Cno Cycle

Cno Cycle

The CNO cycle (Carbon Nitrogen Oxygen cycle) is a process carried out in the cores of stars in which four hydrogen nuclei are fused into one helium nucleus with the production of nitrogen and oxygen as intermediate products of the reaction. 12 C acts as an initiating catalyst for the reaction. Within a star, the CNO cycle becomes the dominant energy source once the temperature of the core exceeds about 16 million degrees Kelvin and is the main source of energy for stars with masses greater than about 1.1 solar masses where such temperatures are common. Stars the size of the Sun or smaller are unable to generate the core temperatures required to drive the CNO cycle and at these lower temperatures the proton-proton (p-p) fusion chain predominates. In the Sun, about 10% of the energy comes from the CNO cycle. In both processes 0.7% of the total mass is converted into energy, with a yield of 4.1 x 10-12 ergs per each helium nucleus created. The CNO cycle produces slightly less energy that can be used by the star than the p-p chain, since it produces more neutrinos. Neutrinos interact only extremely weakly with matter, and essentially all escape the stellar interior without causing any heating.

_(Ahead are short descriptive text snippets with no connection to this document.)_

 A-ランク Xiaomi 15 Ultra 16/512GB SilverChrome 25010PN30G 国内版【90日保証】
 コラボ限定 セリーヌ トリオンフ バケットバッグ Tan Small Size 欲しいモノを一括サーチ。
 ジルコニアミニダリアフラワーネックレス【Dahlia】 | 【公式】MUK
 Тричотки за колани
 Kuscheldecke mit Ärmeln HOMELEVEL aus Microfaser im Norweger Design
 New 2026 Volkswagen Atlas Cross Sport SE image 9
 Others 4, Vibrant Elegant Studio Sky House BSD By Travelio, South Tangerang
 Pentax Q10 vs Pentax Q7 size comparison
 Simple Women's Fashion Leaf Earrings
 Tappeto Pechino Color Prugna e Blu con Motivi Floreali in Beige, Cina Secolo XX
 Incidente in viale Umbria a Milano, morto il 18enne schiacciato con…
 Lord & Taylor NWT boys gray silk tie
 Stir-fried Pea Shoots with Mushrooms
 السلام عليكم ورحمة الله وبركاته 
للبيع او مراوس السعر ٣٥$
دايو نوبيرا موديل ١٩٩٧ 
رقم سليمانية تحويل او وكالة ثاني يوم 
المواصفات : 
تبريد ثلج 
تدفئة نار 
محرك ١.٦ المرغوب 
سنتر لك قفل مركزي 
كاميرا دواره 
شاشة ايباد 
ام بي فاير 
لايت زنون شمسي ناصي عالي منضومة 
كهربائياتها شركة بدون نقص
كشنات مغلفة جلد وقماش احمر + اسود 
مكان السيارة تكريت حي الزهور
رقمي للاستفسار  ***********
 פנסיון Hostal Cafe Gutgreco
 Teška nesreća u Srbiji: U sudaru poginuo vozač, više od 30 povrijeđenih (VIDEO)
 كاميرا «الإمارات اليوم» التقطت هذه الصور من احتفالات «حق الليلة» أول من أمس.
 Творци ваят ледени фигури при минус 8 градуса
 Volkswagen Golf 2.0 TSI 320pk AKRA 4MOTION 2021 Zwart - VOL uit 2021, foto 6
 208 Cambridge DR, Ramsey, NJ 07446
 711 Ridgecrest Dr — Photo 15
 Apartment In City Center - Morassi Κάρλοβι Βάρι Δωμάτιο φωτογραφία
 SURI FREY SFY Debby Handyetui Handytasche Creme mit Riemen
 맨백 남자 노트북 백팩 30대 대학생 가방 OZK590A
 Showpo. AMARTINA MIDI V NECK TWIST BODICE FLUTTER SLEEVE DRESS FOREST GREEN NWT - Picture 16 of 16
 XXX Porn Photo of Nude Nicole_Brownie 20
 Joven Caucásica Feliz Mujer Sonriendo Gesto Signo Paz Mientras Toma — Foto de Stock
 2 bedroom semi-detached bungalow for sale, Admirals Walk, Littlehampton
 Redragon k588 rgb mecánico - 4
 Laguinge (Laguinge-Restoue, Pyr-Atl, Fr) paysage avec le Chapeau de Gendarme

The rate at which the CNO cycle progresses is extremely temperature dependent. A temperature increase of 1% in the Sun's core would increase the p-p chain rate by 46%, but the CNO cycle rate would increase at 350%. This temperature sensitivity greatly changes the structure of the star's interior and affects the star's later evolution. In massive stars, 50% of energy production takes place within the innermost (by mass) 2% of the star, as opposed to solar mass stars, in which 50% of energy is produced in the innermost 10% of the star. As a result of this huge energy production within a relatively small volume, the energy is not able to escape by radiating away, and convection currents begin throughout the stellar interior. As a result, material in the core is mixed with the outer regions of the star, and a degenerate helium core never forms. In late stellar evolution helium fusion begins without the helium flash seen in low mass stars. Mixing also results in core material enriched by fusion with carbon, nitrogen, and oxygen being brought to the surface of the star. In medium mass stars this material is expelled as a planetary nebula where the elemental abundances can be measured. Thus, CNO enrichment serves as a benchmark for theories of stellar evolution.

there are six fundamental steps in the CNO cycle. In the initiating step in the CNO cycle, a 12 C captures a proton and becomes a radioactive 13 N nucleus, with the emission of gamma rays. The second step in the cycle takes place, with the 13 N atom emission of a positron and a neutrino during a transformation to the 13 C isotope of carbon. The 13 C atom then captures a proton, becoming an 14 N atom. The fourth step is the bottleneck of the CNO cycle and ultimately determines the rate of the reaction process. The likelihood of an 14 N atom for capturing a proton (termed the cross section) is rather low in solar mass stars. As a result, the CNO causes significant enrichment in 14 N in the star. Once the proton capture occurs, however, the resulting 15 O atom quickly decays into 15 N. In the final step, 15 N captures a proton, and decays into 12 C and an alpha particle (a helium nucleus). The net effect is to combine four protons into a helium nucleus, with carbon acting as a catalyst. In all of the CNO reaction steps there is a release of radiation and/or position and neutrino emissions

In the last step, one time in 2500 the 15 N captures another proton before decaying to become 16 O. Eventually, however, a 14 N nucleus and an alpha particle are produced. In this branch of the cycle, the net effect is to turn six protons and a 12 C nucleus into an alpha particle and an 14 N nucleus, with an enrichment in fluorine also a consequence.